After finding the line containing "Sheikh Radwan di tengah Gaza." below, please output that line and each following one through the line containing "Obraz na plátně", exactly as written.

EXCERPTED DATA:
<<<<
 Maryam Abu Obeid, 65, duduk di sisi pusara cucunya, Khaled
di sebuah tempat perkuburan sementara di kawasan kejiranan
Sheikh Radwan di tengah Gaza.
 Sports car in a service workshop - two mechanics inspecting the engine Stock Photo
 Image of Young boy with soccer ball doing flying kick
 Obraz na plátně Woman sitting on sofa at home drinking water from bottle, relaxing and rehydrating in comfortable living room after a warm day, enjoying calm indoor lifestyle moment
>>>>
<<<<
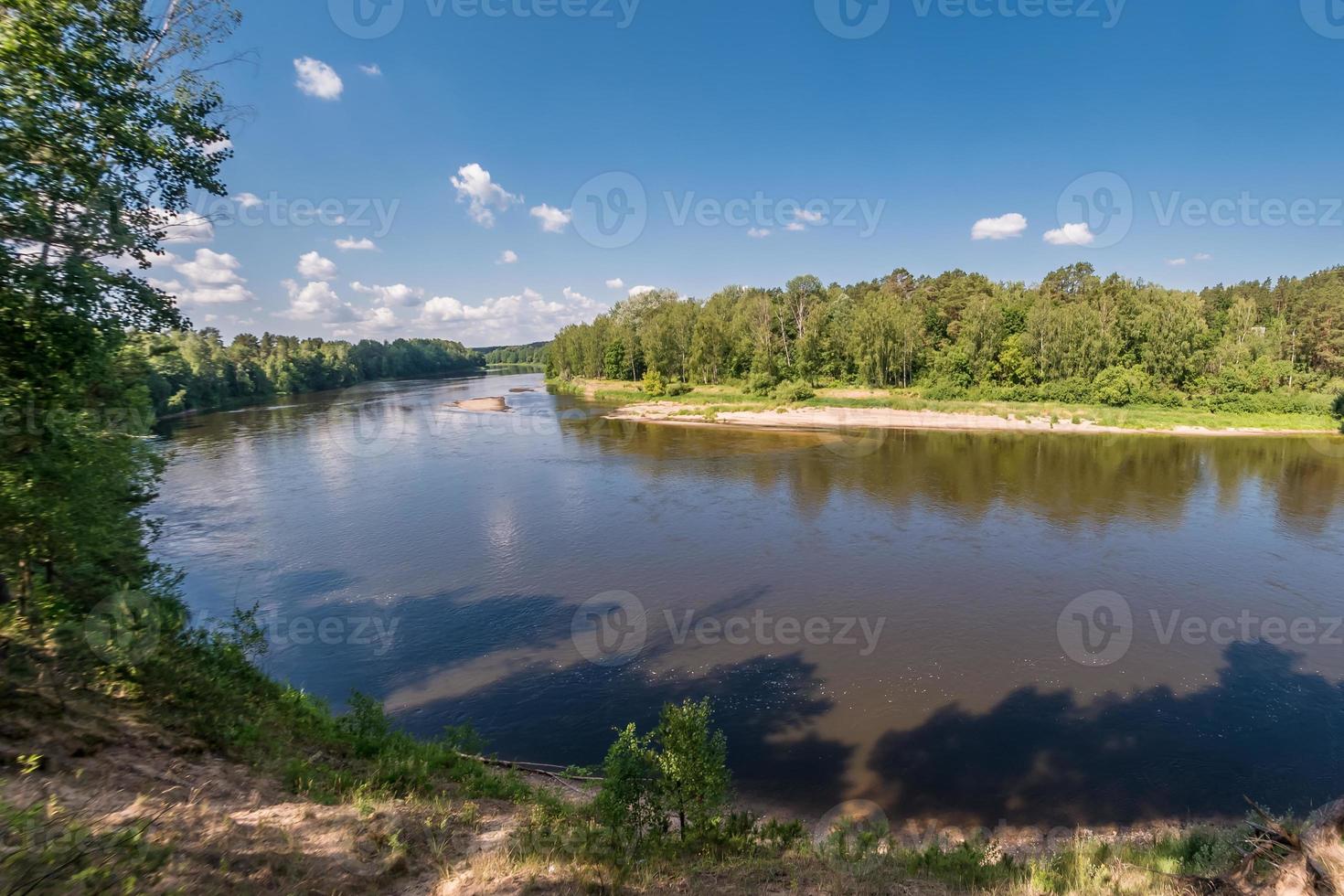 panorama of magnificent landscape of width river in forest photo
>>>>
SOLUTION:
Sheikh Radwan di tengah Gaza.
 Sports car in a service workshop - two mechanics inspecting the engine Stock Photo
 Image of Young boy with soccer ball doing flying kick
 Obraz na plátně Woman sitting on sofa at home drinking water from bottle, relaxing and rehydrating in comfortable living room after a warm day, enjoying calm indoor lifestyle moment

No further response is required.